Disobedient to Parents

Some translations read, "disrespectful to parents." Growing up, this generation faced the highest divorce and abortion rates ever in America. They were the latchkey kids whom the television baby-sat. Their parents indulged them with expensive clothes, cars, stereos, and games because they felt guilty for spending so little time with them. As a result, most 13ers have no respect for parents, and many feel they know more and are more mature.

Unthankful

13ers appreciate neither what their parents have provided for them nor the tried-and-true methods for prosperity that have a long and successful history. Howe and Strauss write:

Twenty years ago, the biggest fights between adolescents and their parents were over global "values" involving politics, war, and religion. Today, surveys show their biggest quarrels are over "how they spend their money" and "what they do with their leisure time." . . . 13ers collectively lack that strong attachment to the familial, educational, and economic institutions that once helped move older generations from here to there on the ladder of adult success.

Unholy

Other translations have, "without piety," "irreverent," "having no religion," "irreligious," "wicked." Pollster George H. Gallup reports, "Religion ranks behind friends, home, school, music, and TV as factors teens believe are having the greatest influence on their generation."

13ers make up a large portion of those who are fleeing churches and taking up witchcraft, New Age religions, or becoming totally secular. A professor at Cal-Berkeley says, "TV is their collective dream machine, their temple." An ethics report reads: "An unprecedented proportion of today's youth lack commitment to core moral values like honesty, personal responsibility, respect for others and civic duty."

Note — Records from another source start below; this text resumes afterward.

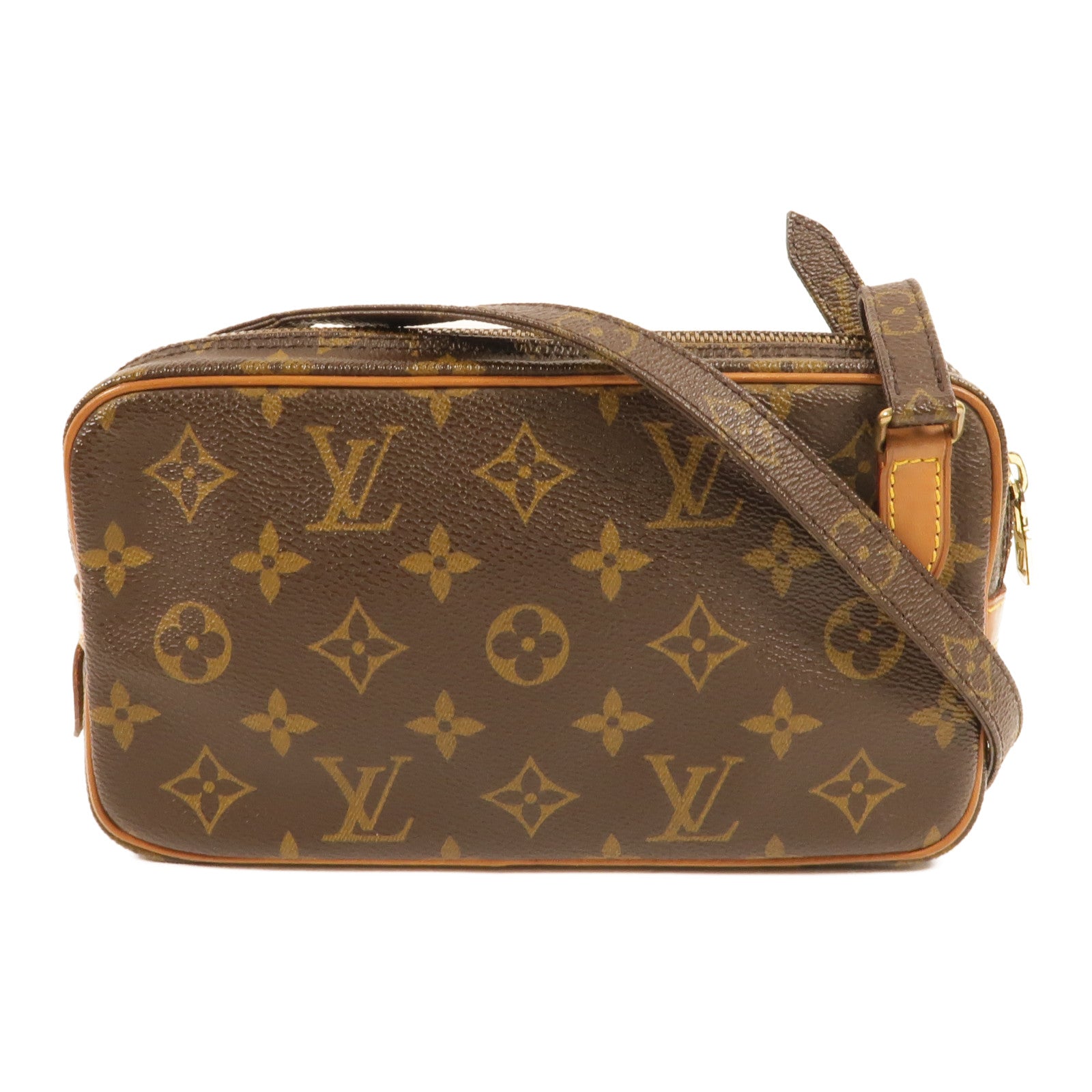 LOUIS VUITTON Monogram Marly Bandouliere金扣肩背袋棕色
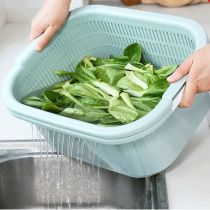 Double-deck wash basket plastic asphalt basket leaky rice artifact basket nap basket taker housekitchen wash fruit basin
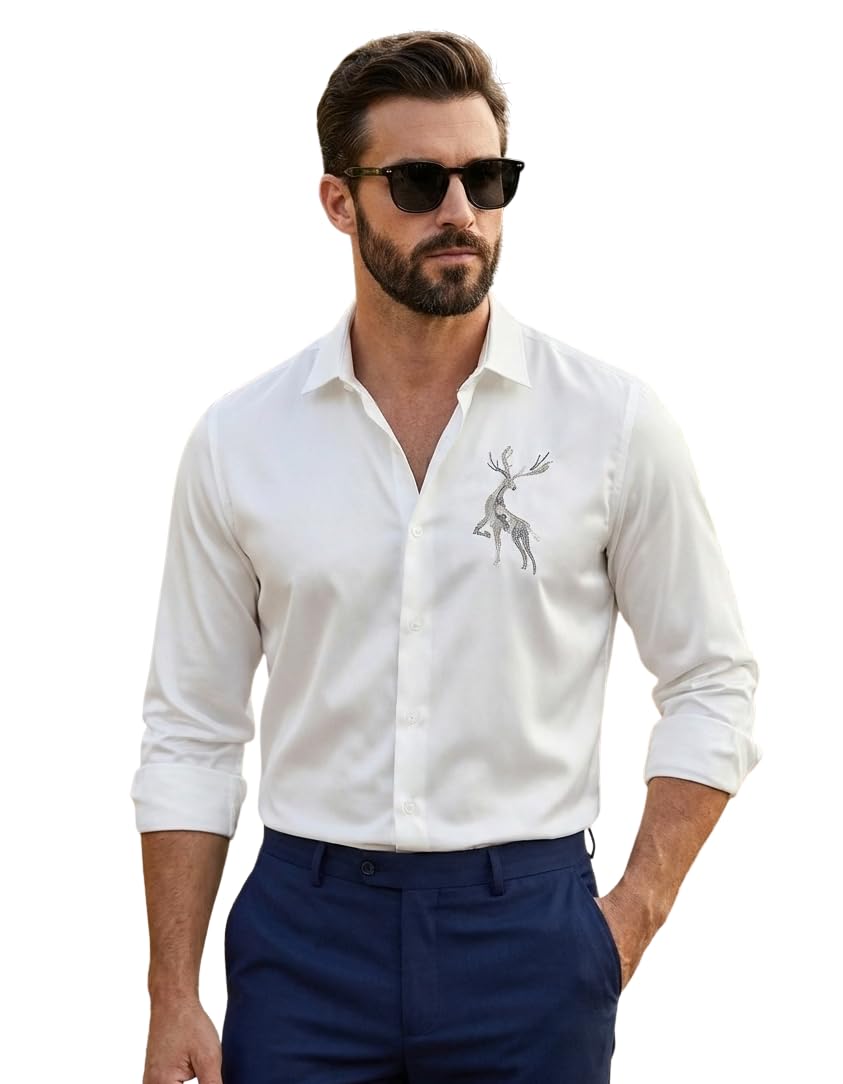 afflatus Men’s Stylish Satin Shirt for Party, Formal and Casual Wear Full Sleeve Shirt for Men - Buck-picture-37
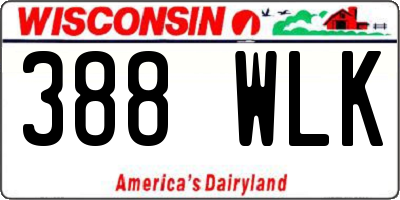 WI license plate 388WLK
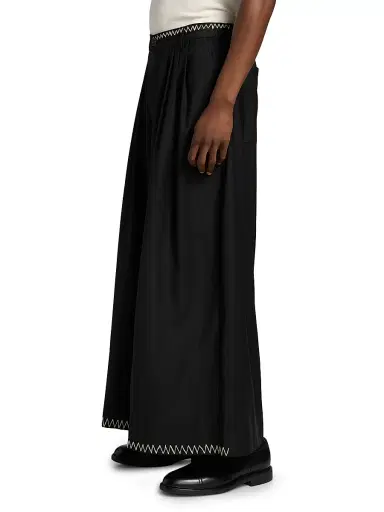 Glass Cypress Men's Wool Embroidered Wide-Leg Pants - Black | Thumbnail 4
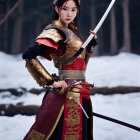 Female warrior in ornate armor wields sword in snowy landscape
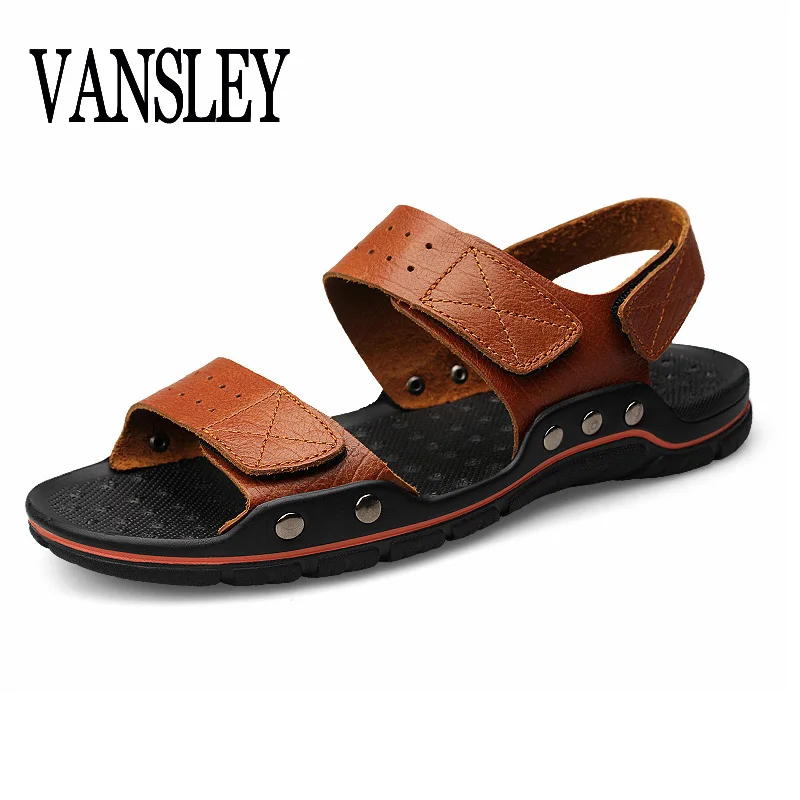 

Brand Sandals Men Summer Flat Sandals Male Leather Casual Outdoor Beach Flip Flops Lightweight Shoes Breathable Slippers Size 48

This is the generation most heavily influenced by the baby boom idea that "God is dead." They do believe in sound bites, rap lyrics, and advertising slogans that become their mottoes: "Just do it." "Do the Dew." "Life is short. Play hard." "All the sugar, twice the caffeine." "Life is a sport. Drink it up." "Image is everything." "Why ask why?"

Unloving

Other translations read, "callous," "inhuman," "without natural affection," "hard-hearted." This is the generation of inner-city gangs, Neo-Nazis, carjackings, and Lyle and Eric Menendez. They were raised on Dirty Harry, Rambo, and the Terminator. Syndicated columnist William Raspberry writes:

Their casual acceptance of violence, the attitude (often reinforced by their parents) that any means is okay to get what you want, and the fatalism that kills their hope of the future is turning them into a generation of animals.

Quotations and statistics can easily be found to support the ten other attitudes Paul lists in II Timothy 3. For now, it will suffice to read what 13ers say about themselves:

» We are clueless yet wizened, too unopinionated to voice concern, purposefully enigmatic, and indecisive.
» Mine is a generation perfectly willing to admit its contemptible qualities.
» We are an impatient, quick-and-dirty generation.
» Our generation is probably the worst since the Protestant Reformation. It's barbaric.
» It's only wrong if you get caught.